@talers/html-pages@0.5.5
A high-performance utility for splitting HTML content into multiple pages. Perfect for building paginated content viewers, e-readers, or any application that needs to break down large HTML content into manageable page-sized chunks.
Html Pages
A high-performance utility for splitting HTML content into multiple pages. Perfect for building paginated content viewers, e-readers, or any application that needs to break down large HTML content into manageable page-sized chunks.
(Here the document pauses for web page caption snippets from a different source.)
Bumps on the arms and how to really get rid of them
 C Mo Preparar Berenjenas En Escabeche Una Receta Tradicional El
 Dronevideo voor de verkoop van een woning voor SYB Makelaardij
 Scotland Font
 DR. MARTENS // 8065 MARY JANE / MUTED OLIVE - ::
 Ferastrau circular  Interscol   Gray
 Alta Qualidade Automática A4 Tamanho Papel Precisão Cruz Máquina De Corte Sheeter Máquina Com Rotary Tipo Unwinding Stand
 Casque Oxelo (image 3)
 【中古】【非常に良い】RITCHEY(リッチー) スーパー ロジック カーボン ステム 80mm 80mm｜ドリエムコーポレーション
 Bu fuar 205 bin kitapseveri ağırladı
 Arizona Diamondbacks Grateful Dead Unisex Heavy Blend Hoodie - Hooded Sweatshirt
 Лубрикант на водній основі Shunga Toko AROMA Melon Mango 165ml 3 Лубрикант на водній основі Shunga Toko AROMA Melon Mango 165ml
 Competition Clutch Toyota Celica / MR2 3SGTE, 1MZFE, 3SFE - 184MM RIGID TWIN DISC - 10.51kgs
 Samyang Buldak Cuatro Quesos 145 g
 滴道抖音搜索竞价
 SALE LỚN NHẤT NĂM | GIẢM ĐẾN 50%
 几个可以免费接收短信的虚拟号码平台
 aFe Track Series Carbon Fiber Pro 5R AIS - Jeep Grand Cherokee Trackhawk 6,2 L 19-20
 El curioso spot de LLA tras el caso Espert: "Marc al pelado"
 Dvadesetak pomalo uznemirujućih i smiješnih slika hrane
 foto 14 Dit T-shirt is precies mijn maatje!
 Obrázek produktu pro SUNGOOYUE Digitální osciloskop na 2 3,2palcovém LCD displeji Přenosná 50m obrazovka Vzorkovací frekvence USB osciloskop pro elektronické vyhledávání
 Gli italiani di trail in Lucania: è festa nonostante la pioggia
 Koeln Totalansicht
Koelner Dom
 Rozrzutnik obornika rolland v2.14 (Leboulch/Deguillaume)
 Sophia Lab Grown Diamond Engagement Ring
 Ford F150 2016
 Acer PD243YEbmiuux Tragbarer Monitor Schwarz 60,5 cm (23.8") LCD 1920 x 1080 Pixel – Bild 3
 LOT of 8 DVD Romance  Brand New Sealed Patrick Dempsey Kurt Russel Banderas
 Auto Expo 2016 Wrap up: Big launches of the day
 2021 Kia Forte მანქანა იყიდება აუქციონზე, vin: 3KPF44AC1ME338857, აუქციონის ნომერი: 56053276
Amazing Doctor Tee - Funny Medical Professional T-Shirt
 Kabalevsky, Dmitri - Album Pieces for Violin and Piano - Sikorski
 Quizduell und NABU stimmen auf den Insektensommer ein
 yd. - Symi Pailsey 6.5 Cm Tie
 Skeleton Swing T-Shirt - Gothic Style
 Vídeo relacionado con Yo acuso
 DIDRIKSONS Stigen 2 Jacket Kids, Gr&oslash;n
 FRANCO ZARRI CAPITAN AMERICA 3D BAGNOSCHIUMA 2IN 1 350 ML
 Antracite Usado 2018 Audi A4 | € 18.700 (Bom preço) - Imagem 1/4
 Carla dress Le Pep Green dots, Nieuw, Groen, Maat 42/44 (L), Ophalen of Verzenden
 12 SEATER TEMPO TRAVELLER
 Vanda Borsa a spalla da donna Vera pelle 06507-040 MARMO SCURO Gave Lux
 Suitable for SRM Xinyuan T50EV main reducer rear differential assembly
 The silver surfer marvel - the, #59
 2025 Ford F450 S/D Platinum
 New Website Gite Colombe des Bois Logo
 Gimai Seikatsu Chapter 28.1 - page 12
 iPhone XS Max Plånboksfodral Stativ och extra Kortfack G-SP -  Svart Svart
This library is internally used and developed by Talers, the modern writing application for creative writers, to preview their work before publishing it.
Features
- 📄 Splits HTML content into multiple pages while preserving semantic structure
- 🧩 Handles complex elements:
- Lists (bullet, ordered, nested)
- Tables
- ... and any other kind of HTML element
- ⚡ Extremely fast performance:
- Async page generation that does not block the main thread
- Can handle thousands of pages in few seconds (~500 pages per second)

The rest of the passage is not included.